И это про меня. Чем больше я бормочу, тем больше становится моё «я» и вместе с этим растут мои запросы ко Всевышнему и просто-таки детская обида — а чего это Он их не удовлетворяет!?
Вот она — причина самообмана! Ты меняешь полностью свою жизнь, бормочешь что-то каждый день, лишаешь себя многого… А потом думаешь: «Эй вы там, небесная канцелярия! Я вроде как свою часть контракта выполнил. Теперь ваша очередь. Мне, пожалуйста, того-то, того-то, и этого ещё…» И очень удивляешься, когда твои желания впустую сотрясают воздух.

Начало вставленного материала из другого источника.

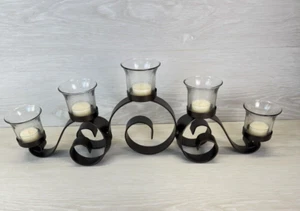 Fireplace Mantle Dark Metal Votive Holder 5 Candle Centerpiece 20" - Picture 1 of 13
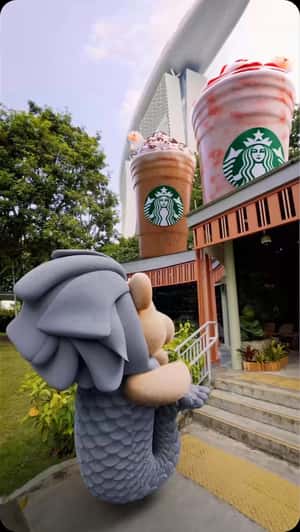 Merlion Bearista Went to Coffee Shop in fake-out-of-home ad of Starbucks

И Вера из какой-то внутренней и самодостаточной потребности, из приношения, из акта благодарности превращается в ещё одну разменную монету нашей вульгарной цивилизации, в какое-то нездоровое ожидание, что всё будет по-твоему. Ты же богопослушный и благочестивый человек!.. Постепенно самообман становится ханжеством. Особенно если ты — умный и благочестивый — начинаешь глядеть по сторонам и оценивать окружающих: не таких богобоязненных и — понятное дело! — не таких благочестивых. Ты становишься «ясновидцем» (как говаривал Зуи), которому дано право судить других, а самое главное — осуждать. И чем упорнее ты отказываешься видеть собственный самообман, тем яростней твоё осуждение. Так в твоём сердце не остаётся ничего кроме желчи, злобы на других, на себя и в итоге на Бога, который не выполнил свои обязательства — не сделал мир таким, как ты хочешь…
Потребительство разрушает Веру. Молитва перестаёт быть жертвой, ты уже не отказываешься от сальных частей своего «я» — наоборот — твоя молитва их взращивает. А подлинная красота в жирных лапах вульгарности из проводника Божественного становится лишь новой причиной боли и отчуждения…
Пожелайте мне победить этого уродца в себе. Ведь для этого же, в конце концов, Сэлинджер написал свои книги… Джексон пел свои песни…
Ведь для этого же и существует молитва.